かわら版 No.1342 『歴史に学ぶ』
2022/12/19NHKの大河ドラマ「鎌倉殿の13人」が終わりました。三谷幸喜ワールドにすっかりはまり毎週楽しみにしていましたので、年の瀬に大きな喪失感にかられています。
ところで、源頼朝の妻は「源政子」ではなく、「北条政子」であることを奇異に感じた人はいるのでしょうか。違和感なく受け止めていたと思います。室町時代の足利義政の妻は日野富子でした。いずれも、夫婦別姓です。
夫婦同姓が制度化されたのは、長い歴史から見るとつい最近、明治31(1898)年に明治民法が施行されてからのことです。しかも、夫婦が同姓を名乗るよう法律で義務づけている国は、今や世界で日本だけといわれています。
夫婦同姓は日本古来からの伝統ではないことを、改めて鎌倉殿を通じて学べました。希望すれば夫婦が別の姓を選択することのできる「選択的夫婦別姓制度」の導入を、来年こそは強く求めていきたいと思います。
来年1月から始まる大河ドラマ「どうする家康」も、とても楽しみです。というのも、山岡荘八が18年もかけて書き継いだ大著「徳川家康」を、昨年読破したからです。長引くコロナ禍が未踏に挑む契機となりました。夜の会食が減り、本を読む時間が増えたからです。
昨年2月から読み始め、毎晩寝る前に数十ページずつ読み続け、やっと9月に読了しました。枚数にして400字詰め原稿用紙で17,400枚。文庫本にして26巻。

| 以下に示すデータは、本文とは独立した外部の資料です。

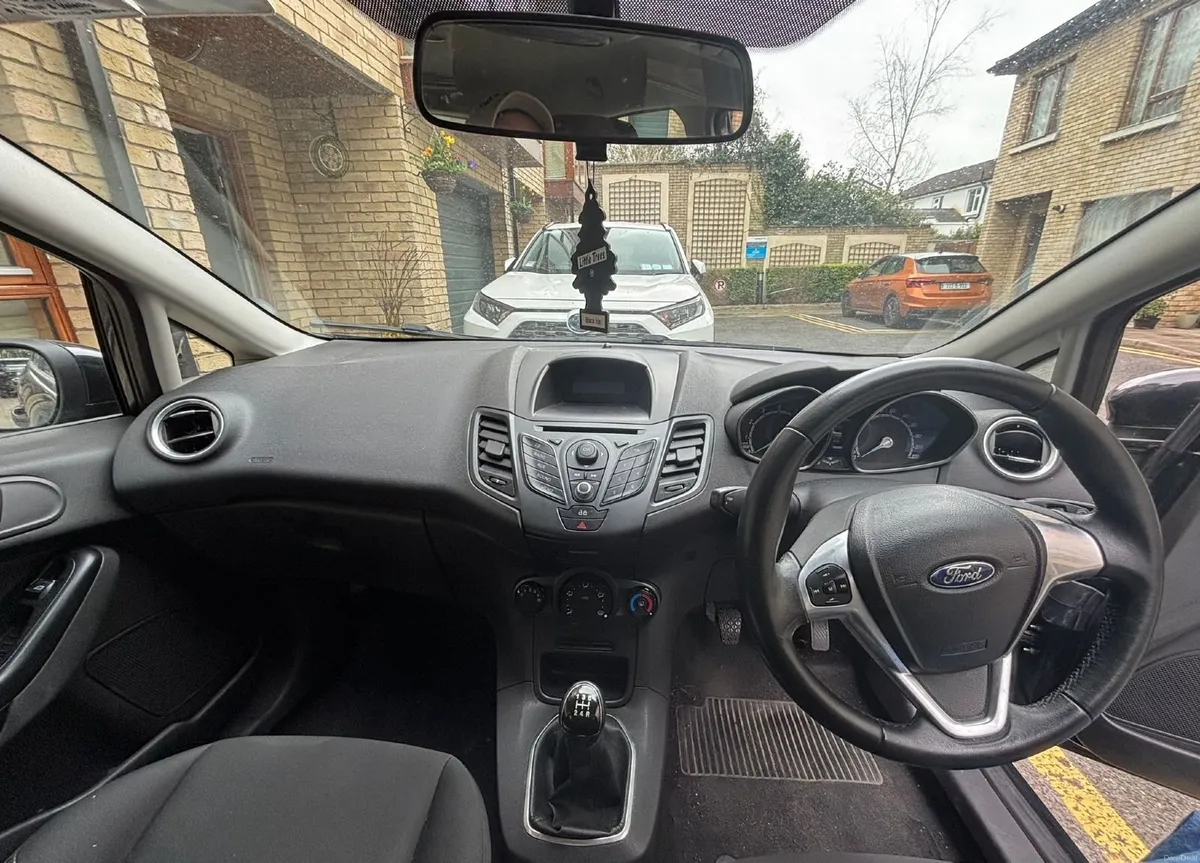Ford Fiesta 2013 - Image 2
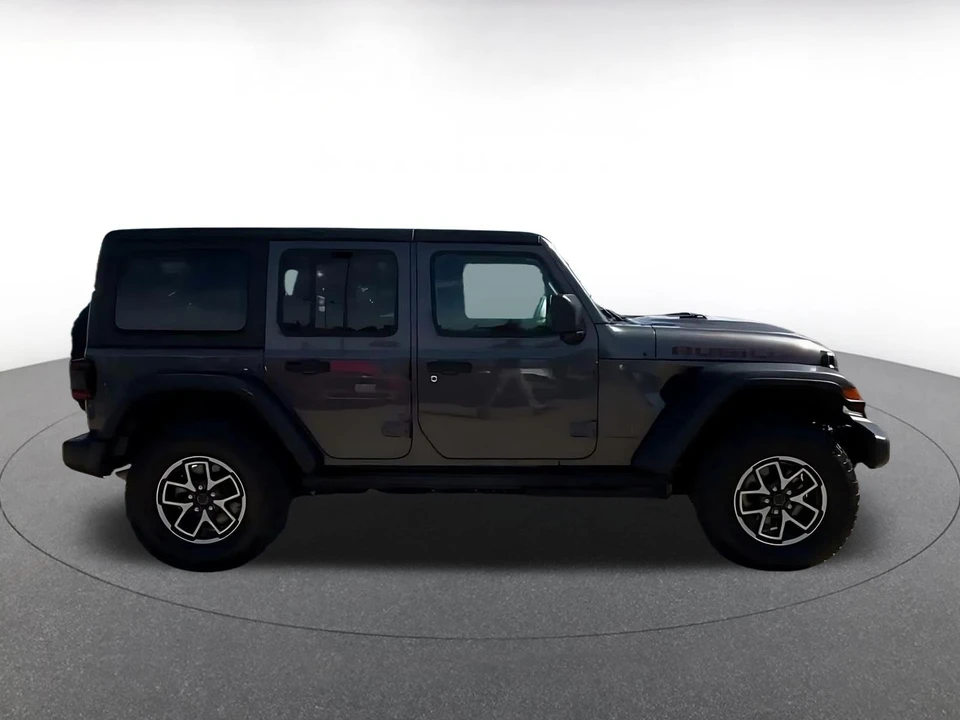 2026 Jeep JL Wrangler - Image 17 of 31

読み応えはたっぷりでした。
織田信長の「剛毅」と豊臣秀吉の「智謀」を兼ね備えている上に、家康には「堪忍」がありました。その生涯は忍耐で貫かれ、その政治は決して急激なものではありませんでした。じっくりと腰を据えて八方を睨みながら漸進主義に終始しました。それこそが約260年も続く泰平の世を切り拓いたのだと思います。
家康は徳川家家訓の1つとして、「堪忍は無事長久の基、いかりは敵と思え」と遺しています。家康の辛抱強い性格を表していると思っていましたが、山岡の小説を読んで、「堪忍」が半端でないことを改めて知りました。
動乱期に弱小松平家に生まれ、幼くして母との離別。そして今川家への人質。父の非業の死。さらには不幸な結婚。嫡子を切腹させ、正妻を斬る決断も余儀なくされます。
これほどまでに過酷な運命に耐えることができないと、乱世を終わらせ平和を創る天命に辿り着けなかったのか。山岡荘八が存命ならば、問い質したかったことです。大河ドラマで反芻しようと思います。
内閣総理大臣に就任する前に読んでおくべきだったと、今更ながらつくづく思います。「剛毅」「智謀」そして「堪忍」、いずれもが私には欠けていることを自覚しつつも…。